Showing posts with label cartoons. Show all posts
Showing posts with label cartoons. Show all posts

Friday, August 19, 2011

Ms. Bunny



I usually don't do anthros but here you go.
I was doodling one day and I liked her character, even though I don't think I'll do anything with it.

Traced over a pencil sketch in Photoshop with my tablet.

Monday, January 17, 2011

Monday, October 26, 2009

3 Styles

For my cartoons, I basically have three basic levels of complexity in my drawings.

First is my most simplest style.


Then I have the medium difficulty example. It includes more details.


Finally I have my most detailed level.



I believe it's good to have a variety depending on the context in which you set the characters in. Basically, more detail = more serious story.

American S(c)hmoes

Here are the 9 main characters of my series American S(c)hmoes.

This was the first of my major series which I began in the summer of 2004 when I was just about to enter high school and completed in my senior year.

Never have I created a series that I spent so much time on. Over the course of writing and drawing it, I have filled up around 40 Mead spiral-bound notebooks of various lengths (1-3 subjects) and compiled them into 30 volumes.

It follows a group of kids (of an undisclosed age group but it is assumed they're tweens) and their sometimes crazy and sometimes mundane adventures through life. The series itself is an episodic comedy and has no real overall plot line. I basically made it to record any funny event that happens to me or anything funny that I think up. It also served as a platform for social commentary, though the only person to ever have read it was my dad, whom I coerced into reading sometimes. Perhaps, in a way, it was the first real journal I ever kept. Things would happen and the characters' dialogs would be my response to them.

For this particular series, I've made up a slew of characters (over 230). I even made a spin-off though it was less successful, since I did not put as much effort into it.

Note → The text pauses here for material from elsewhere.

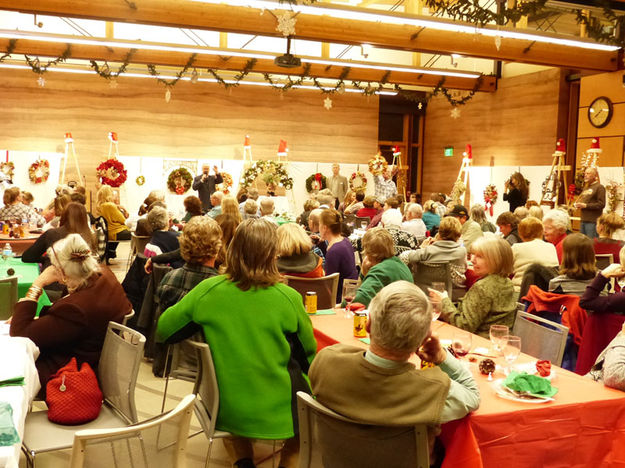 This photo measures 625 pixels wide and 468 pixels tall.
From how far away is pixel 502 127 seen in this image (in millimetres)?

I was never much for diaries so I suppose drawing things out, putting in a story line, and adding humor was how I would express my feelings about things. Each character would have their own personality but I'll admit that if a little bit were taken from each of them and the bits were compressed into one being, that would be me.

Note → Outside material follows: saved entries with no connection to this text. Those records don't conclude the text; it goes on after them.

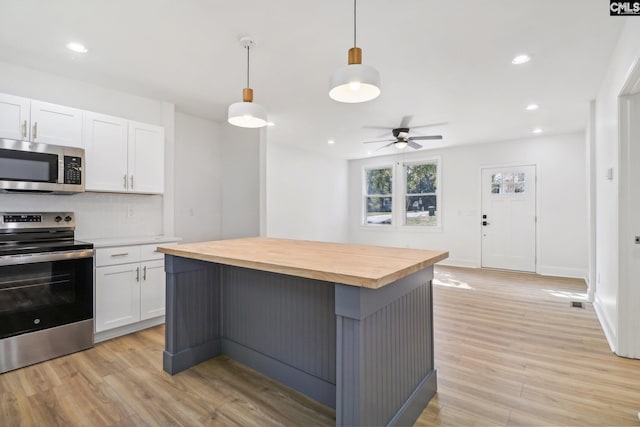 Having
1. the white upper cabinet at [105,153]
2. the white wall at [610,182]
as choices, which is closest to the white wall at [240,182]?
the white upper cabinet at [105,153]

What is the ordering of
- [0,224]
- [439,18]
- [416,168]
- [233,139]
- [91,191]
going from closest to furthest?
[439,18], [0,224], [91,191], [233,139], [416,168]

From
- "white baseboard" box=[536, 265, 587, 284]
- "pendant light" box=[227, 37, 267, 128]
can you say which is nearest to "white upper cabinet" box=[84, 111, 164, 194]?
"pendant light" box=[227, 37, 267, 128]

Stories just make sense to me.

Tuesday, October 20, 2009

What I'm About

As trite as it sounds, I believe that everyone has a story. I am but a simple observer in the world. I watch the things that happen around me, human dramas that never engulf me personally. I only take part in the show when engaged by others.
Of course I have my own life and I enjoy it as well, but I feel that my main purpose is to document others and have fun while doing it. If the others are not interesting at the moment, I will create my own others.

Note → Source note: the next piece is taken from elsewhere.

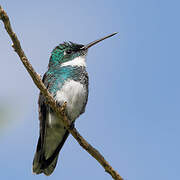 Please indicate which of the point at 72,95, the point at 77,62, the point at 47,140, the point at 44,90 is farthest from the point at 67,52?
the point at 44,90

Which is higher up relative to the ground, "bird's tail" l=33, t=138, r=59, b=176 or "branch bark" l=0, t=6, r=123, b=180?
"branch bark" l=0, t=6, r=123, b=180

This past summer, I decided to make a list of all the characters I've ever created (in this sense of the word I mean character design on paper). So far I've listed over 530 of them; and those are the ones whose names I can remember. I've got all sorts of characters from 60 year-old men to anthropomorphic bears to talking newts. Each one is part of a distinct series and has their own story and background. I must sound absolutely mental by now.

I began coming up with stories around the time that I started to draw (around 4 years). Their creation has given me countless hours of entertainment that was needed since I am an only child. Every character I've come up with means something to me, like old friends and acquaintances. For 15 years I've been doing this and I only hope that the world enjoys my creations half as much as I do.